■ RECORDED INFORMATION:
- - - -

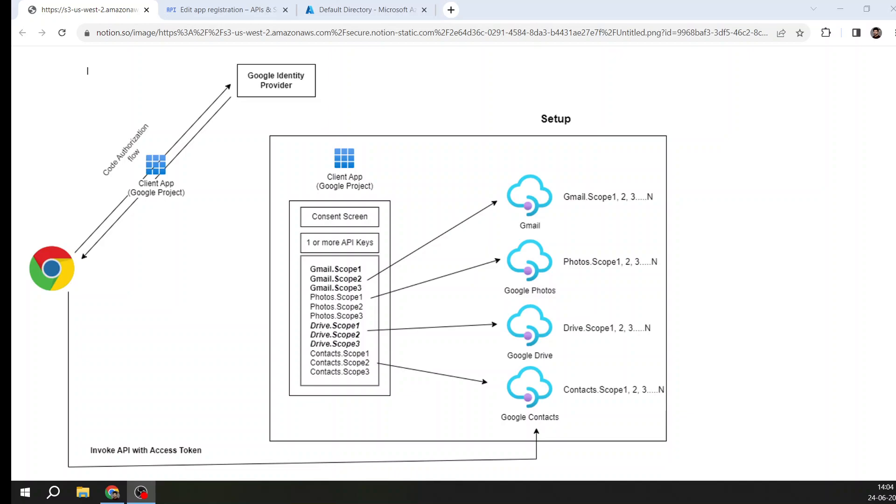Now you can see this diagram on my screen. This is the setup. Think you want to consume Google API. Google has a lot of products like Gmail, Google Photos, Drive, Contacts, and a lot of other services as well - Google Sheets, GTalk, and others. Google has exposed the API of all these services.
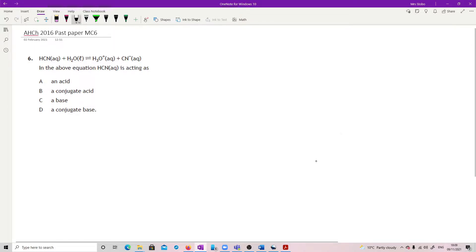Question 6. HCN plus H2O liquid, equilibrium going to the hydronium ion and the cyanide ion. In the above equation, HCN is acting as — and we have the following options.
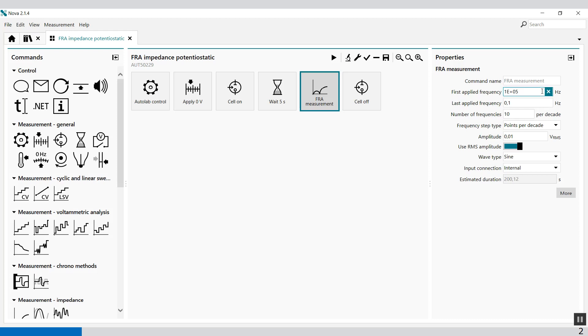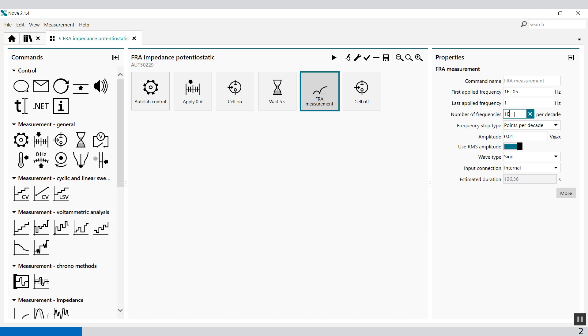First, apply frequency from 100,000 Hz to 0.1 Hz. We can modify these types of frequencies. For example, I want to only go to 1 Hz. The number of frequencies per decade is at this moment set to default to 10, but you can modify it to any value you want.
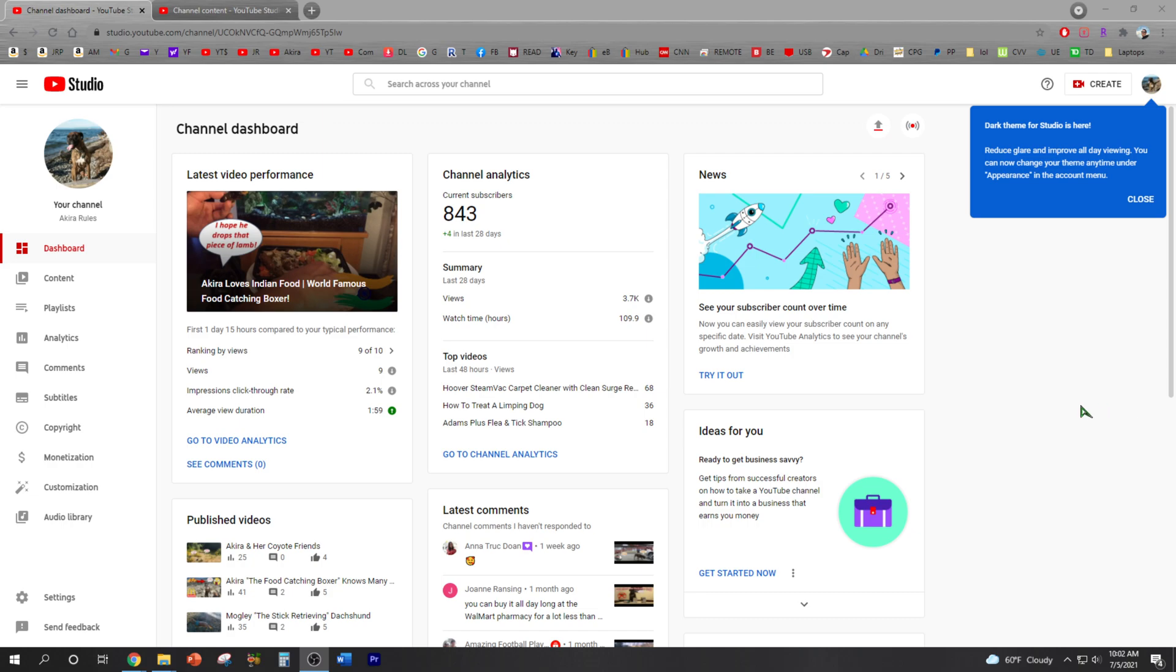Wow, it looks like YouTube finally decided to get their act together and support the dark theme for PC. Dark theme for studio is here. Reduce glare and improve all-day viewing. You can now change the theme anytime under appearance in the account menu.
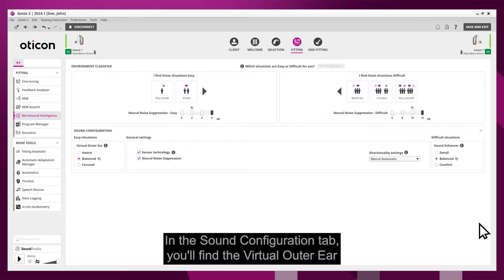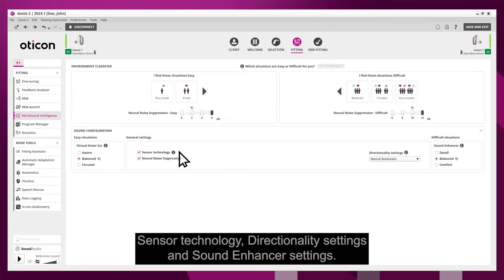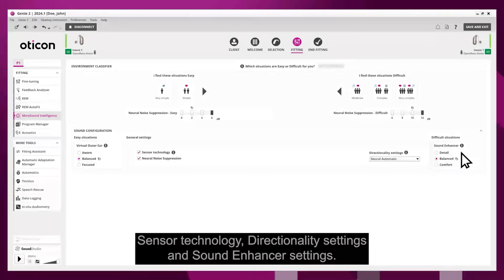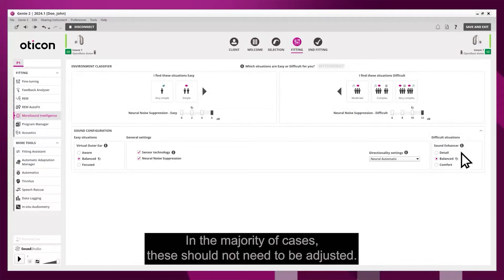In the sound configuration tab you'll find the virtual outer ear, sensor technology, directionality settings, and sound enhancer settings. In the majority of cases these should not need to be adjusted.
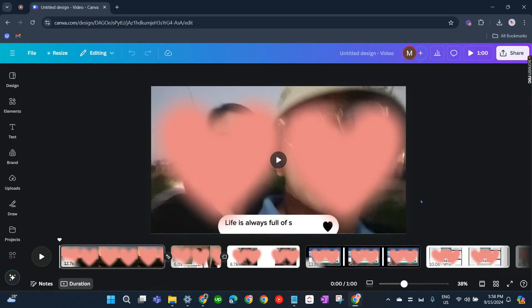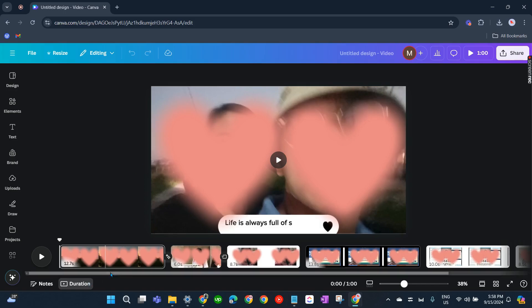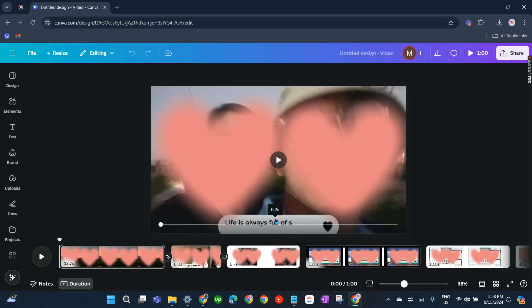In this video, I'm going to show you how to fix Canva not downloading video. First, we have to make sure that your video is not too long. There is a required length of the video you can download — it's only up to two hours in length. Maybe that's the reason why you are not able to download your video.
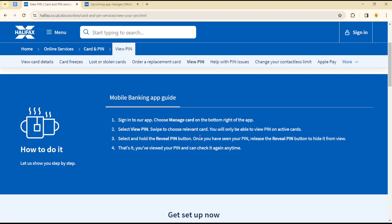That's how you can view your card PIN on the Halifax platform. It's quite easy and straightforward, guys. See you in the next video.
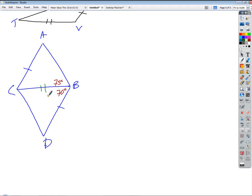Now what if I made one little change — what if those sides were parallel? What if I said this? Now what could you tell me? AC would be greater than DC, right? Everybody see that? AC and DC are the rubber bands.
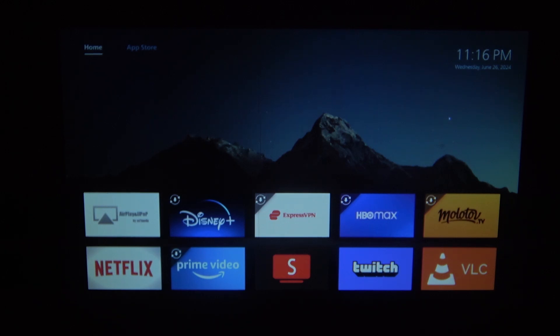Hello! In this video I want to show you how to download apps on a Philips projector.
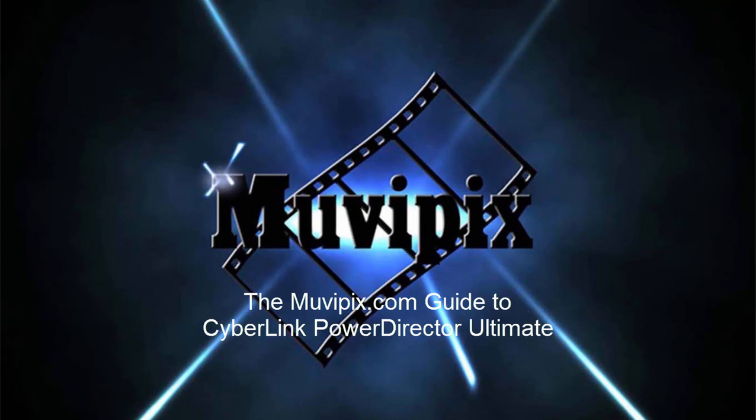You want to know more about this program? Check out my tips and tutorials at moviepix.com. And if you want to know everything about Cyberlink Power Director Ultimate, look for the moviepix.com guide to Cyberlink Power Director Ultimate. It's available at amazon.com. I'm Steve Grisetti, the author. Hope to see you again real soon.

- - - -

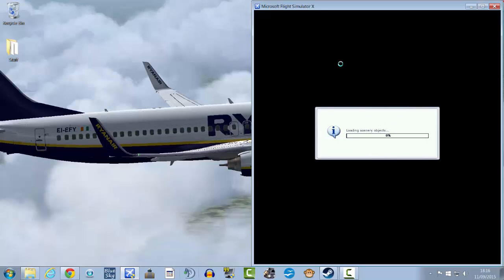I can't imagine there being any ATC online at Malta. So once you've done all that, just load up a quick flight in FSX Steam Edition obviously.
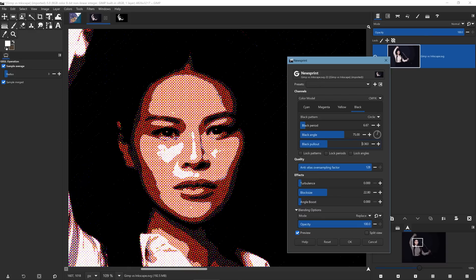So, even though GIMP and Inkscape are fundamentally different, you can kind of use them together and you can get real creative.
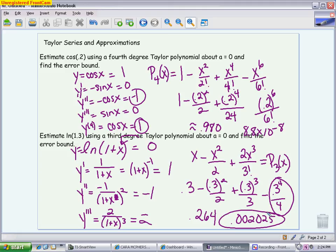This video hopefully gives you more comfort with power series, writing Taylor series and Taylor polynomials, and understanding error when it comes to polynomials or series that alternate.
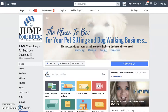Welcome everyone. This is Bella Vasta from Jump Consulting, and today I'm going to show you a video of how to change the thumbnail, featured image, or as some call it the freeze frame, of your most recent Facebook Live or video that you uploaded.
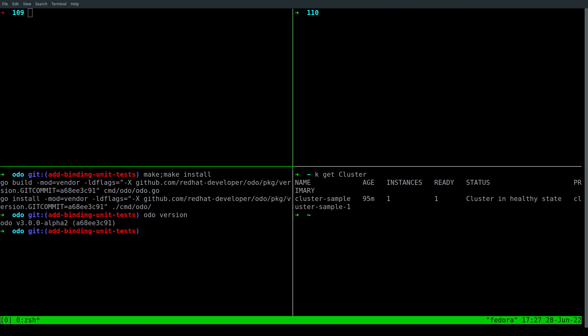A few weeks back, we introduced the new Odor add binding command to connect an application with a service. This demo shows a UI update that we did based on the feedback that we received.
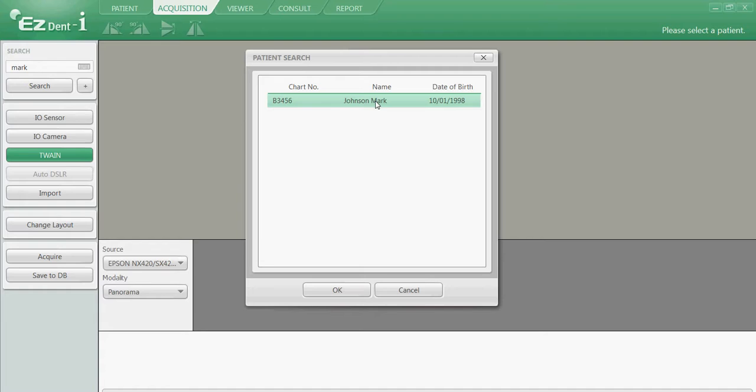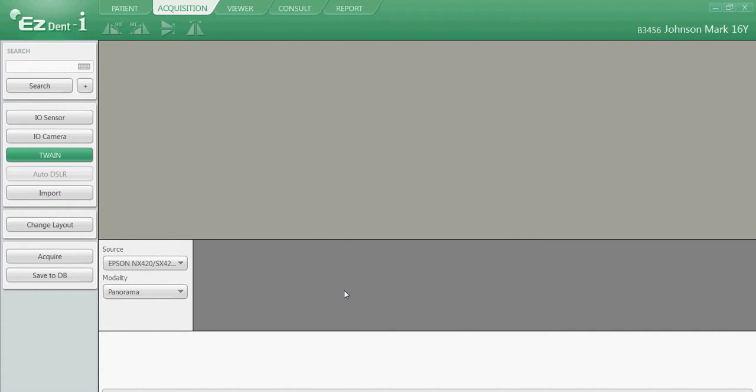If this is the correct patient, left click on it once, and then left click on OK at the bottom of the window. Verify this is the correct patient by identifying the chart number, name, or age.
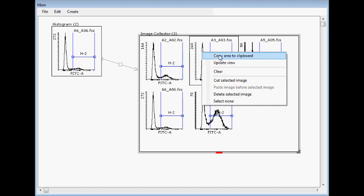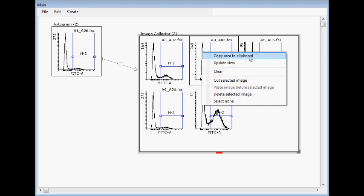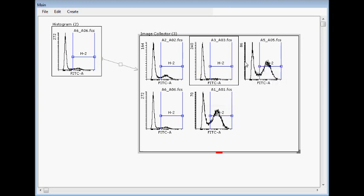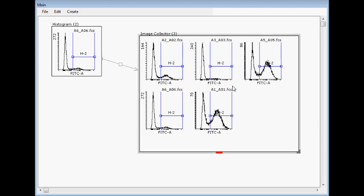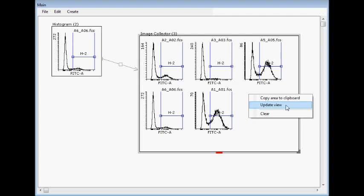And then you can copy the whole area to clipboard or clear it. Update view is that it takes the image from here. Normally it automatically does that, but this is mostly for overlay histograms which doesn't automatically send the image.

- - - -

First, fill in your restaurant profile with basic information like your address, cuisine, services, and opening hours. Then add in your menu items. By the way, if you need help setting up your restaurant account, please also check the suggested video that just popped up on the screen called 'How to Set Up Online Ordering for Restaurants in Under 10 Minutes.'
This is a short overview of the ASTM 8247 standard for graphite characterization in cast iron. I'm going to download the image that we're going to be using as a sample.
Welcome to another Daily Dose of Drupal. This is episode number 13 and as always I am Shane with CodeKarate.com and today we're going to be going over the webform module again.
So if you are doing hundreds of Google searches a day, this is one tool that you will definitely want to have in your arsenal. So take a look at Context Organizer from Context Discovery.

- - - -

■ YOUR TASK:
Output exactly those lines of the data above that run from the line with "Now you can" up to and including the line with "In the sound". No pictures go in.

■ RESULT OF THIS TASK:
Now you can see this diagram on my screen. This is the setup. Think you want to consume Google API. Google has a lot of products like Gmail, Google Photos, Drive, Contacts, and a lot of other services as well - Google Sheets, GTalk, and others. Google has exposed the API of all these services.
Question 6. HCN plus H2O liquid, equilibrium going to the hydronium ion and the cyanide ion. In the above equation, HCN is acting as — and we have the following options.
First, apply frequency from 100,000 Hz to 0.1 Hz. We can modify these types of frequencies. For example, I want to only go to 1 Hz. The number of frequencies per decade is at this moment set to default to 10, but you can modify it to any value you want.
Wow, it looks like YouTube finally decided to get their act together and support the dark theme for PC. Dark theme for studio is here. Reduce glare and improve all-day viewing. You can now change the theme anytime under appearance in the account menu.
In the sound configuration tab you'll find the virtual outer ear, sensor technology, directionality settings, and sound enhancer settings. In the majority of cases these should not need to be adjusted.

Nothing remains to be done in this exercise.